According to the same report (page 380) our production of all cereals in 1885 was 3,015,439,000 bushels, valued at $1,143,146,759, or 47 bushels per capita, valued at 37.9 cents per bushel, making the total value per capita $17.71, exclusive of potatoes, hay, tobacco, cotton, animals, and animal products. Our total exports of breadstuffs in 1886 (page 432) amounted to $125,846,558. In 1886 (page 435) we exported of all agricultural products except cotton, $279,868,953, and of such products we imported $271,821,231, leaving a beggarly balance of $8,047,722 in our favor. It thus seems that with all the protection now afforded our farmers, and with our unequaled agricultural resources, our imports of foreign agricultural products about equal our exports of similar products. Our farmers need the protection afforded them by our present tariff laws quite as much as our domestic manufacturers, and what they need and get for themselves they ought not to deny to others. If we export only 34 per cent. of our total corn crop we must consume the remainder, and it does not appear plain why we should imperil the 963 per cent. in order to save the 34 per cent. The foreign markets which the revenue reformers prate so much about are a delusion and a snare.

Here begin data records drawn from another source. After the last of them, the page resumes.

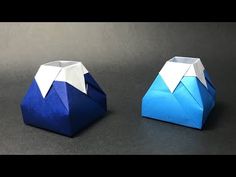 two blue origami boxes sitting on top of a black table next to each other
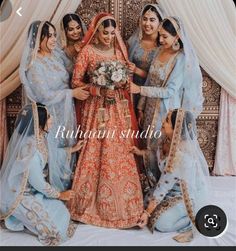 a group of women standing next to each other in front of a white curtain with the words rutuan studio on it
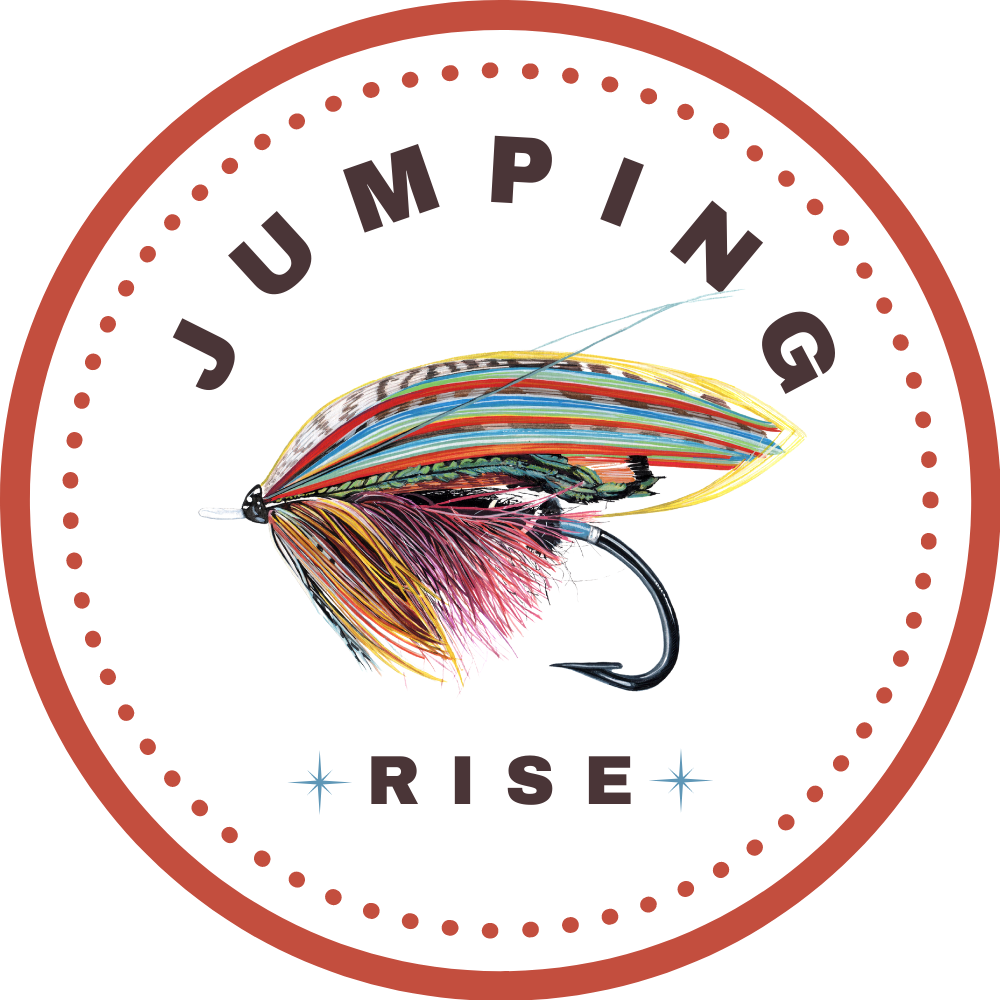 Jumping Rise Logo with colorful Guinea Spade fly in the center.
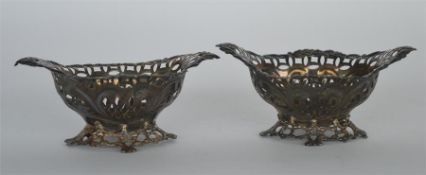 A good pair of pierced bonbon dishes with scroll decoration. London. By WH&W. Est. £30 - £50.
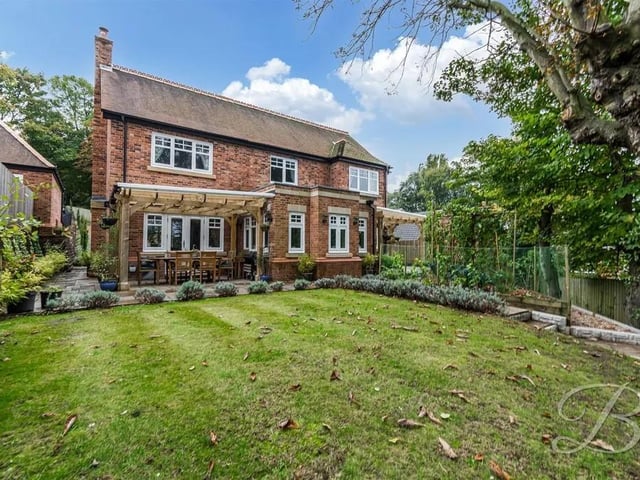 The rear garden is idyllic and features a well-maintained lawn, two pergola covered patio seating areas, vegetable patches, flower beds and raised planters.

It is our domestic markets that we should protect, Undue solicitude for the welfare of an enemy generally results disastrously.

The duty laid on starch made from Indian corn and produced in the United States is, in the Argentine Republic, 2 cents per pound, and in Canada 2 cents per pound. The Canadian duty is the same as ours, or just double that which Mr. Mills proposes to make it; and the duty on starch in the Argentine Republic is higher than ours, and more than double the rate which Mr. Mills advocates. Domestic starch manufacturers are thus confronted with several propositions so far as these two countries, as well as many other countries levying a duty on starch, are concerned:

(1) They must reduce wages, or employ labor, if they can get it, at a much less price than now.

(2) They must get cheaper raw material (Indian corn) from our Western and Southern farmers.

(3) They must reduce the price of their manufactured product 47 per cent. (4) Or they must close their starch factories and allow foreign manufacturers of starch made from corn or potatoes to supply our domestic markets.